WHAT THIS TASK INVOLVES »
Your task is to copy the lines of the data below from the line holding "BMW 3 Series 2021 из CN, фото 8" through the line holding "Used Mercedes-Benz V-Class", inclusive, exactly and with nothing added.

Records from a dataset:
'''

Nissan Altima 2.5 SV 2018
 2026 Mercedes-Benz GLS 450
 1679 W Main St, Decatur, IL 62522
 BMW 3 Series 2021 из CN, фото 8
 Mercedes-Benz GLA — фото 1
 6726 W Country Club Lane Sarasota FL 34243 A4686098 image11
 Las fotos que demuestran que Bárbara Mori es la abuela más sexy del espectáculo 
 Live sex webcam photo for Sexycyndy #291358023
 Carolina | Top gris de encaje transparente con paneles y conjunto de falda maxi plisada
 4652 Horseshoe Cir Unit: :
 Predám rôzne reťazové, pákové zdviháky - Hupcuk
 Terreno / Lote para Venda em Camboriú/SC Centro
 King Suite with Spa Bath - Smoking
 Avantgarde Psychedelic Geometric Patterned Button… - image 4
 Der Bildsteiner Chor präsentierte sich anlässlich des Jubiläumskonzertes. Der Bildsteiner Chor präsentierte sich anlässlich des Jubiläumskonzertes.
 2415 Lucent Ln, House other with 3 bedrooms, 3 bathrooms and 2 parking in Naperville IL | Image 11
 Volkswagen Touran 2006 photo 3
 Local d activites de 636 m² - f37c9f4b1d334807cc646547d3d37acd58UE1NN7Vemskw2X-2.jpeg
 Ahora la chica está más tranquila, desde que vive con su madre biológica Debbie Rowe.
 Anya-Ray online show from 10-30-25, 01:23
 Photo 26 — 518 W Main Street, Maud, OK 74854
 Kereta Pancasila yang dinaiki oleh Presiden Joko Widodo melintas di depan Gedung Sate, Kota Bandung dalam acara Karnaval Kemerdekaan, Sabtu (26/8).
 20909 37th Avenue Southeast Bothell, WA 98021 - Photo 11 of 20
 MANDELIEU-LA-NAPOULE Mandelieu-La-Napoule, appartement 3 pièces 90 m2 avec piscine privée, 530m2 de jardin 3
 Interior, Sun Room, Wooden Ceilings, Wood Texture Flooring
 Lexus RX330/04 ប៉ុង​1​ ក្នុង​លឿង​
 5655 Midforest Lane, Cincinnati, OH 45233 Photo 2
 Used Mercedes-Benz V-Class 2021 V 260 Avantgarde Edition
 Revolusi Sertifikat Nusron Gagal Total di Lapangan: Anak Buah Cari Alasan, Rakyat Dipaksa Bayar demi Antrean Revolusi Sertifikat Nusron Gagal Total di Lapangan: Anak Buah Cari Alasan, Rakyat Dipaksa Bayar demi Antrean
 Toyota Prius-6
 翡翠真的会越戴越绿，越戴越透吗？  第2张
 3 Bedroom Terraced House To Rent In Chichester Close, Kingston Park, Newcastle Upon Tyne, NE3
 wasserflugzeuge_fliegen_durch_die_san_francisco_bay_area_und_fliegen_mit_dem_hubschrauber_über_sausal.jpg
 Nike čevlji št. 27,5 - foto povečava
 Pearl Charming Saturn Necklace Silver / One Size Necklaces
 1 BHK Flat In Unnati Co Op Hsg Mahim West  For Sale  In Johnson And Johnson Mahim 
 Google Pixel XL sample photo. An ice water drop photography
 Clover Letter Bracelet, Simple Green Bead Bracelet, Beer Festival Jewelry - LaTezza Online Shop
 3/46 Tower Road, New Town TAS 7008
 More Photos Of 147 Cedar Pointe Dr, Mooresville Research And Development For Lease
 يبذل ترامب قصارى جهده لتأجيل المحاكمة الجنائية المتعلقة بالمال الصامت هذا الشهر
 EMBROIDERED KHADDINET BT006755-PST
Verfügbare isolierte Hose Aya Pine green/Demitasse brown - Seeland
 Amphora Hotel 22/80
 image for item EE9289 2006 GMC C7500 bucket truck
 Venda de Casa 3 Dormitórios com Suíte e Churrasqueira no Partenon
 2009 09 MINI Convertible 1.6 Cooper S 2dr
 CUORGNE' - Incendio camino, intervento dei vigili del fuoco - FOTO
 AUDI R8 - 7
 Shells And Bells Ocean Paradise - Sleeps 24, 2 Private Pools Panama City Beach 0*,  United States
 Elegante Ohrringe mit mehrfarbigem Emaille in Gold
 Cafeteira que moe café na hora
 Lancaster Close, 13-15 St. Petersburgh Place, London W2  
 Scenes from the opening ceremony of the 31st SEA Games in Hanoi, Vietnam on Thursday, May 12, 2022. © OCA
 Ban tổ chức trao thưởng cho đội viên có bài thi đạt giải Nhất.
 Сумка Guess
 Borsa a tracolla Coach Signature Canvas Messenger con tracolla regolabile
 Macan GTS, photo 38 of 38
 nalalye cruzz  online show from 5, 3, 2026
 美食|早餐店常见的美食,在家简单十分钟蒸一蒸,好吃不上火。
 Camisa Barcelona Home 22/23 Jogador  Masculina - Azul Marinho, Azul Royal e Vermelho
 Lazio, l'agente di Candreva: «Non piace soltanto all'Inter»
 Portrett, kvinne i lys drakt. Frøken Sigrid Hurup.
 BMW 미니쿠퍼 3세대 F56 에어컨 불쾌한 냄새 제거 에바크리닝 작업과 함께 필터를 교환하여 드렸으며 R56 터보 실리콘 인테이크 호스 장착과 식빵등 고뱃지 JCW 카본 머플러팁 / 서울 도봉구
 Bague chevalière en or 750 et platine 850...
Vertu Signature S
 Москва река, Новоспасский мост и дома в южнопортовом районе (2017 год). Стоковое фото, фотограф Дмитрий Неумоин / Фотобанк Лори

'''

REPLY »
 BMW 3 Series 2021 из CN, фото 8
 Mercedes-Benz GLA — фото 1
 6726 W Country Club Lane Sarasota FL 34243 A4686098 image11
 Las fotos que demuestran que Bárbara Mori es la abuela más sexy del espectáculo 
 Live sex webcam photo for Sexycyndy #291358023
 Carolina | Top gris de encaje transparente con paneles y conjunto de falda maxi plisada
 4652 Horseshoe Cir Unit: :
 Predám rôzne reťazové, pákové zdviháky - Hupcuk
 Terreno / Lote para Venda em Camboriú/SC Centro
 King Suite with Spa Bath - Smoking
 Avantgarde Psychedelic Geometric Patterned Button… - image 4
 Der Bildsteiner Chor präsentierte sich anlässlich des Jubiläumskonzertes. Der Bildsteiner Chor präsentierte sich anlässlich des Jubiläumskonzertes.
 2415 Lucent Ln, House other with 3 bedrooms, 3 bathrooms and 2 parking in Naperville IL | Image 11
 Volkswagen Touran 2006 photo 3
 Local d activites de 636 m² - f37c9f4b1d334807cc646547d3d37acd58UE1NN7Vemskw2X-2.jpeg
 Ahora la chica está más tranquila, desde que vive con su madre biológica Debbie Rowe.
 Anya-Ray online show from 10-30-25, 01:23
 Photo 26 — 518 W Main Street, Maud, OK 74854
 Kereta Pancasila yang dinaiki oleh Presiden Joko Widodo melintas di depan Gedung Sate, Kota Bandung dalam acara Karnaval Kemerdekaan, Sabtu (26/8).
 20909 37th Avenue Southeast Bothell, WA 98021 - Photo 11 of 20
 MANDELIEU-LA-NAPOULE Mandelieu-La-Napoule, appartement 3 pièces 90 m2 avec piscine privée, 530m2 de jardin 3
 Interior, Sun Room, Wooden Ceilings, Wood Texture Flooring
 Lexus RX330/04 ប៉ុង​1​ ក្នុង​លឿង​
 5655 Midforest Lane, Cincinnati, OH 45233 Photo 2
 Used Mercedes-Benz V-Class 2021 V 260 Avantgarde Edition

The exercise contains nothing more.